Priorités de recherche actuelles
Les activités se concentrent sur le VIH, les hépatites virales, le papillomavirus humain (HPV), la tuberculose, le Covid-19 et les arboviroses. Les domaines incluent l’innovation, le diagnostic, la recherche clinique, fondamentale et en santé publique. Les priorités spécifiques portent sur :
- Recherche clinique : stratégies thérapeutiques, diagnostic et prise en charge du cancer du col de l’utérus chez les personnes vivant avec le VIH, traitement des maladies émergentes
- VIH tout au long de la vie : prévention de la transmission mère-enfant, adolescence, vieillissement
- Populations vulnérables : HSH, travailleuses du sexe, enfants des rues, usagers de drogues
- Hépatites : épidémiologie, impact de l’environnement
- Élimination de la transmission mère-enfant (VIH, VHB, syphilis, maladie de Chagas)
- Maladies infectieuses émergentes : dengue, Covid-19, préparation aux épidémies
Impact et apports du partenariat scientifique
Le partenariat a permis de renforcer les capacités de recherche du Centre Muraz et d’autres équipes burkinabè, favorisant l’innovation scientifique, la formation des jeunes chercheurs, l’élaboration de politiques sanitaires et l’engagement communautaire.

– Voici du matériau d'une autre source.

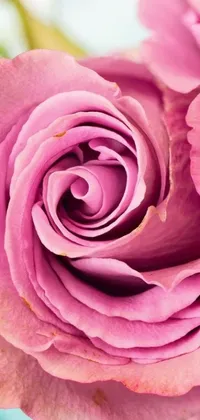 This captivating live wallpaper features a close-up of a beautiful pink rose in a vase, with a complex vortex pattern swirling around it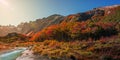 Panoramic view of magical colorful fairytale forest at Tierra del Fuego National Park under direct sun light, Patagonia, Argentina Royalty Free Stock Photo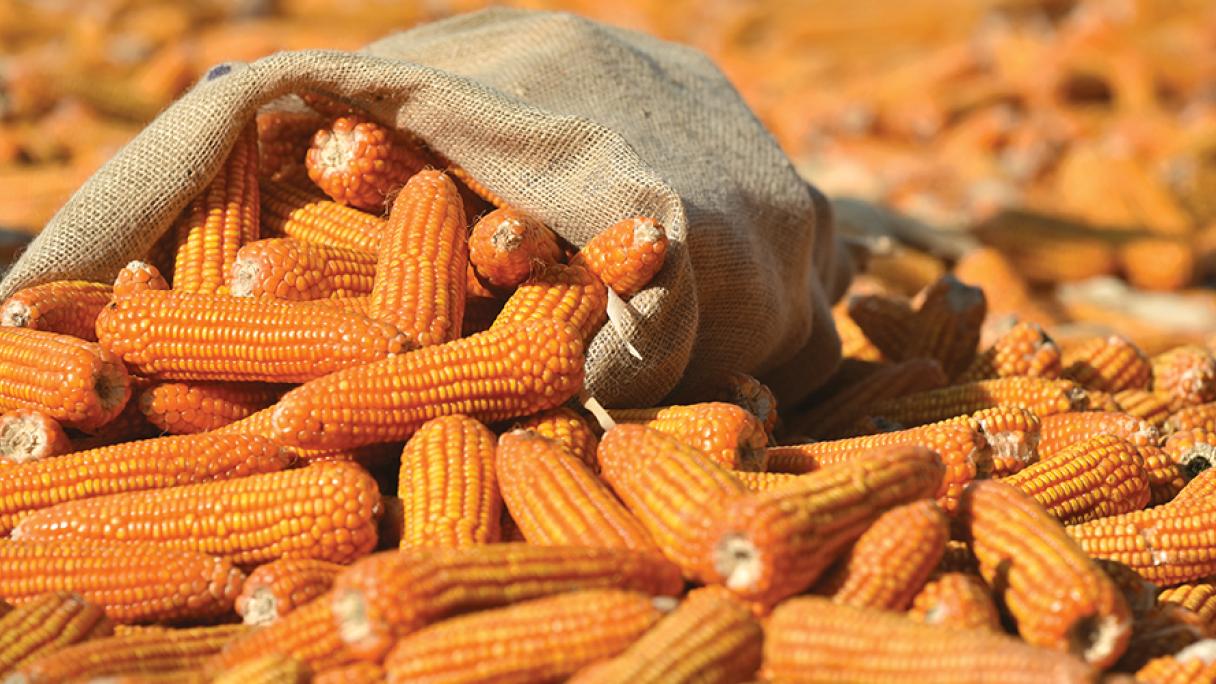 Corn | Syngenta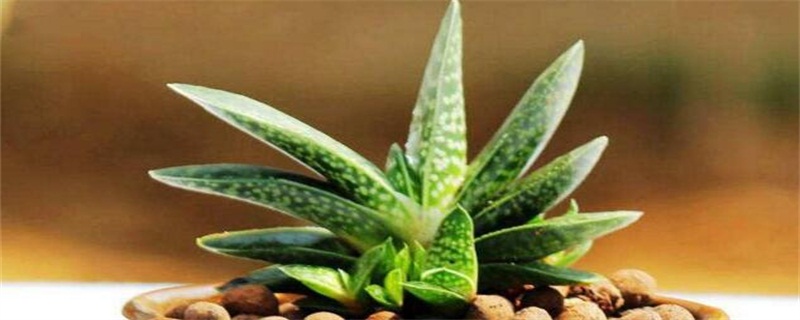 子宝的家庭养殖办法和留意事项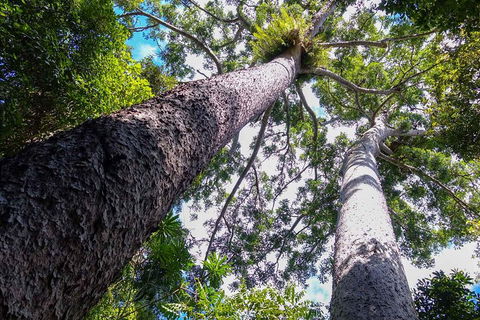 Paronella Park And Millaa Millaa Falls Full-day Tour From Cairns - Port Augusta Accommodation 1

Le partenariat a permis de renforcer le Centre Muraz, qui a été reconnu en 2018 comme Direction technique de recherche de l’INSP. L’ANRS MIE a soutenu son équipement, incluant une structure d’accueil pour les cohortes, un laboratoire de virologie moléculaire P2, un laboratoire d’immunologie et un centre de calcul.
En 2021, grâce au partenariat, le Centre Muraz a rejoint le réseau AFROSCREEN pour le séquençage des variants SARS-CoV-2 et d’autres pathogènes, avec l’acquisition d’un séquenceur Illumina MiniSeq.
Le partenariat a également permis la création du CRIS/UO, facilitant la coordination des recherches à Ouagadougou. Il collabore avec l’université Nazi Boni et l’UJKZ pour soutenir la formation d’étudiants en master et doctorat, favorisant l’émergence de jeunes chercheurs.
Les chercheurs associés participent à des groupes techniques nationaux et internationaux pour l’élaboration de recommandations, notamment sur les variants SARS-CoV-2 et les algorithmes de dépistage du VIH.
Le partenariat soutient également des associations et comités communautaires engagés contre le VIH et les hépatites virales au Burkina Faso, contribuant à l’animation scientifique et à des projets de recherche auprès de populations vulnérables.
Malgré les défis géopolitiques, le partenariat continue de fédérer les acteurs de la recherche, valorisant les travaux menés et ouvrant de nouvelles perspectives pour le Burkina Faso et la région.